(MATERIAL TO PROCESS Opens)
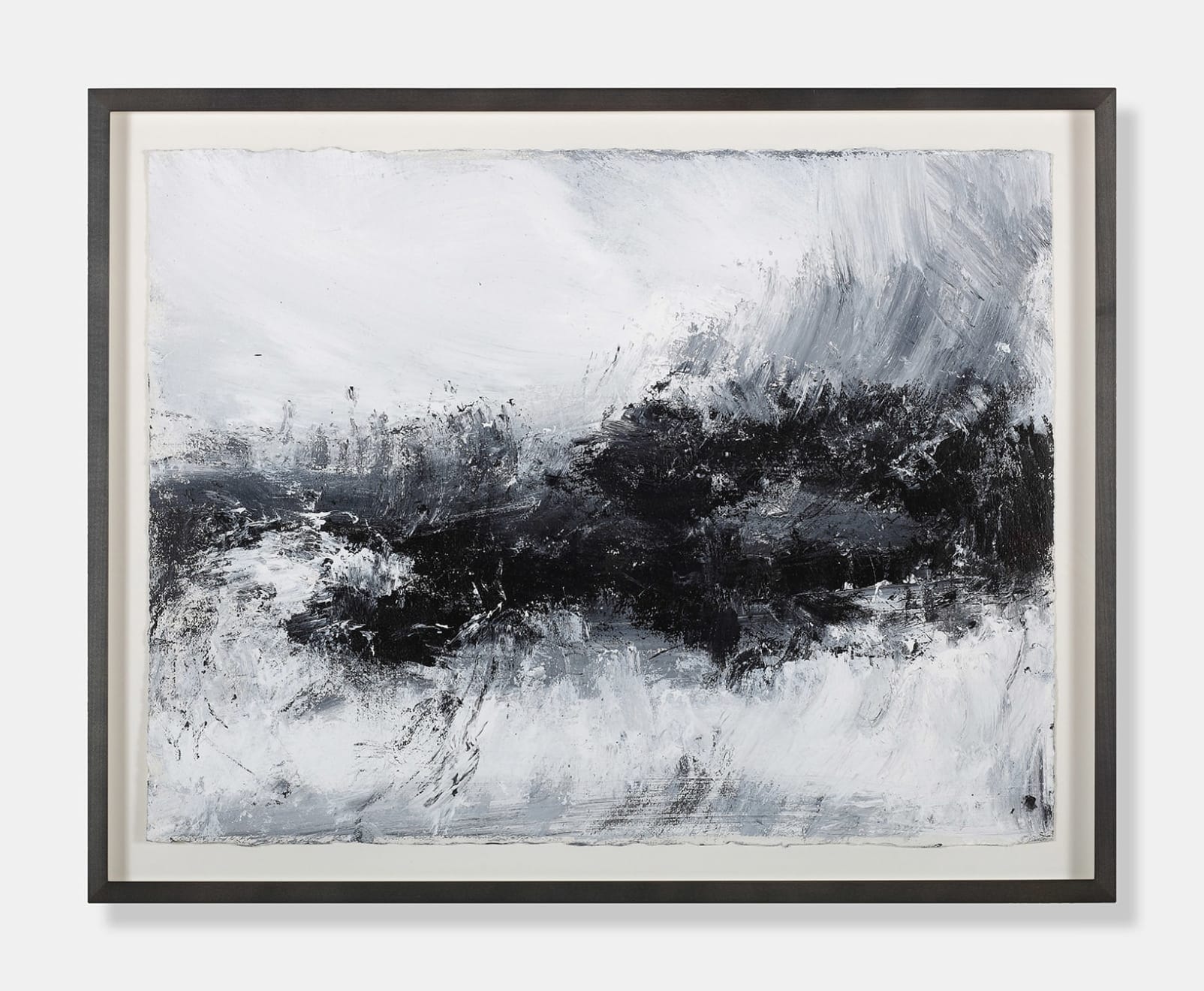 John Virtue (Paintings), Norfolk No.81, 2013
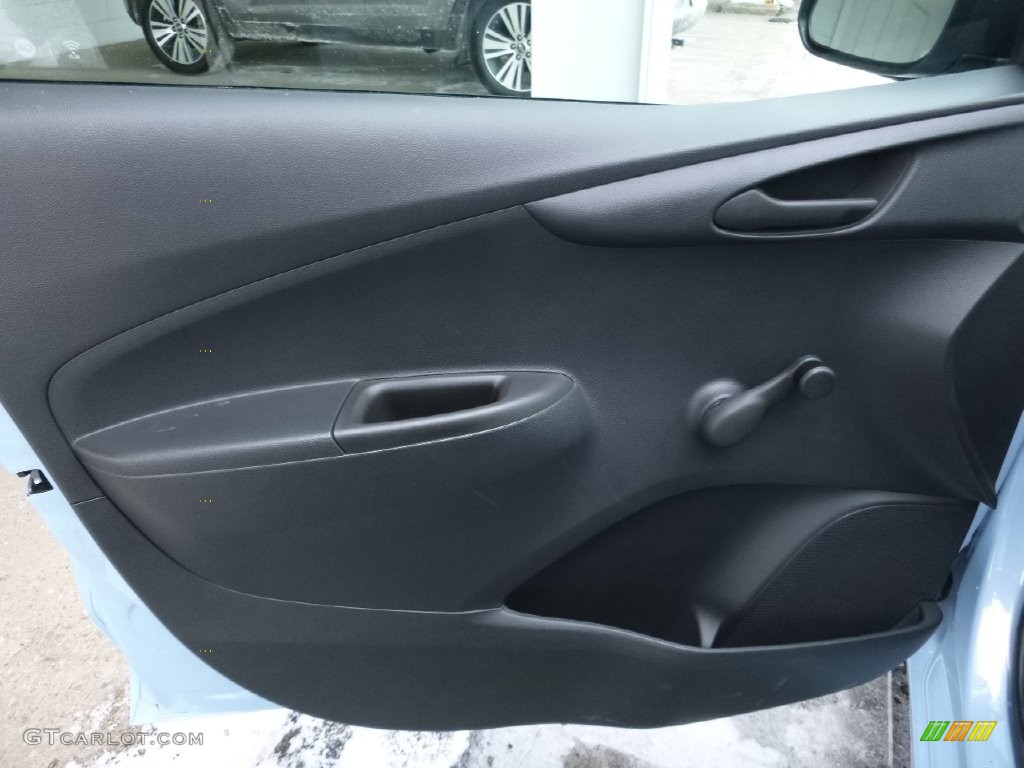 2016 Spark LS - Electric Blue Metallic / Jet Black photo #13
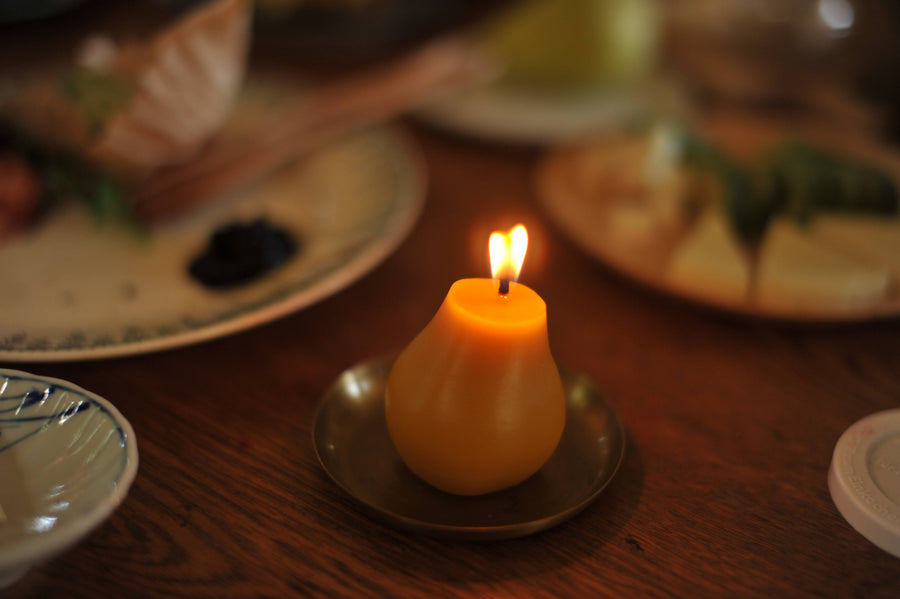 【salvia】nashi / みつろうキャンドル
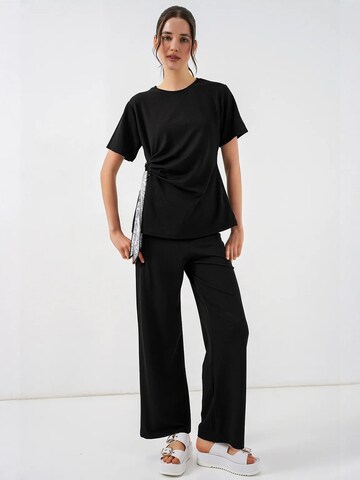 Pantalons de tailleur Bigdart en noir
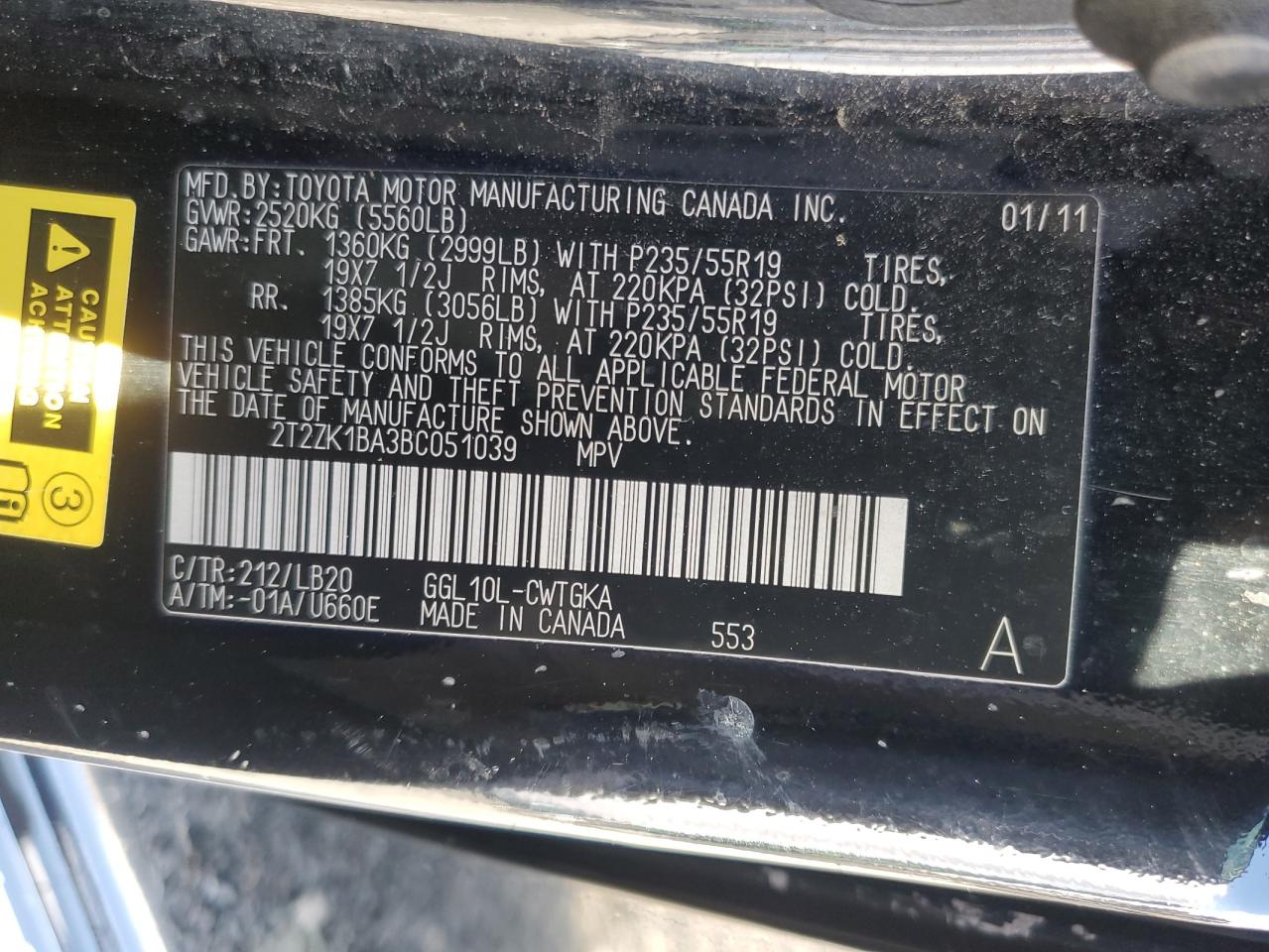2011 Lexus RX - Image 16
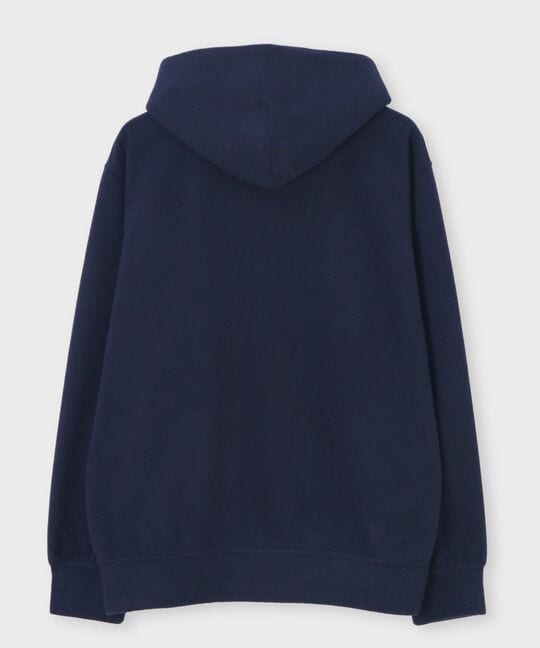 マイクロフリース プルオーバーパーカ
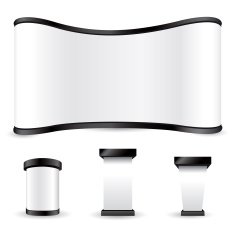Tradeshow stage template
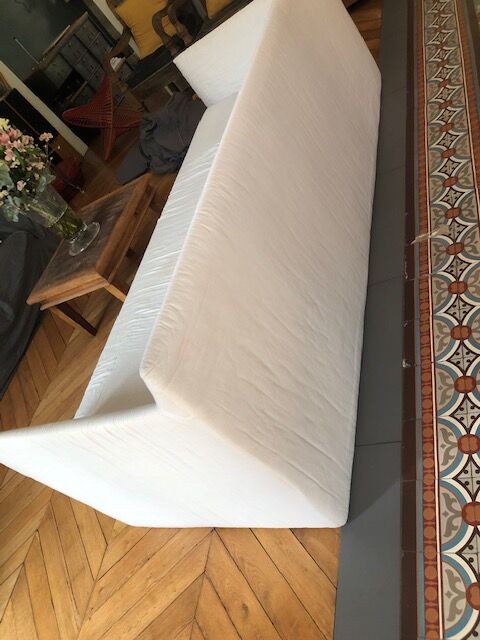 Sofa Gervasoni Ghost 12 gray green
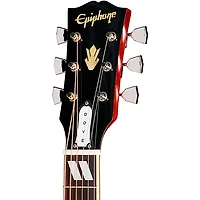 Epiphone Inspired by Gibson Custom 1963 Dove Reissue Acoustic-Electric Guitar Natural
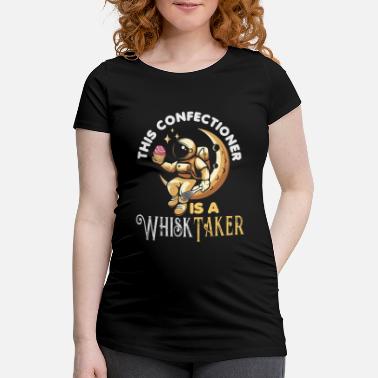 Zuckerbäcker Zuckerbäcker Konditor - Schwangerschafts-T-Shirt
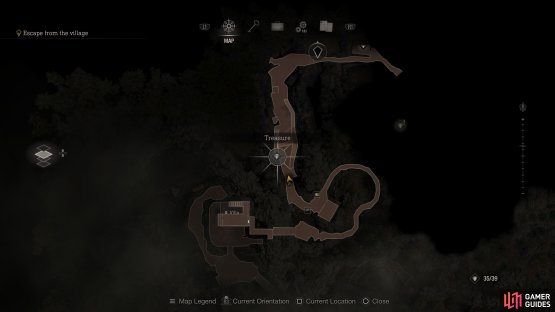 Head to this location on the map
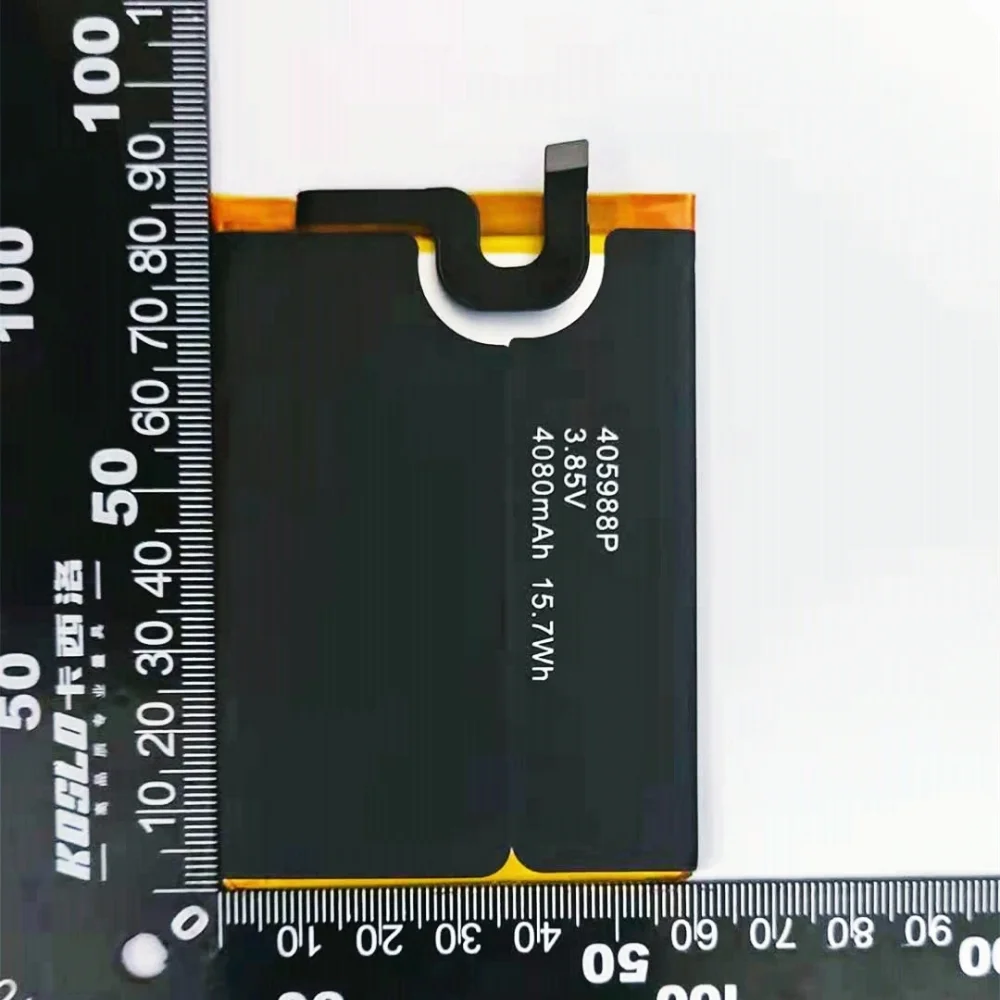 100% Оригинальный аккумулятор 4080 мАч для Blackview A60 405988p мобильный телефон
(MATERIAL TO PROCESS Closes)
§ **WORK INSTRUCTIONS**
Please copy the lines exactly, beginning at the one containing "Zuckerbäcker Zuckerbäcker Konditor" and ending at the last line of the records above, both included, with the pictures left out.

§ **RESULT FOR THIS EXERCISE**
 Zuckerbäcker Zuckerbäcker Konditor - Schwangerschafts-T-Shirt
 Head to this location on the map
 100% Оригинальный аккумулятор 4080 мАч для Blackview A60 405988p мобильный телефон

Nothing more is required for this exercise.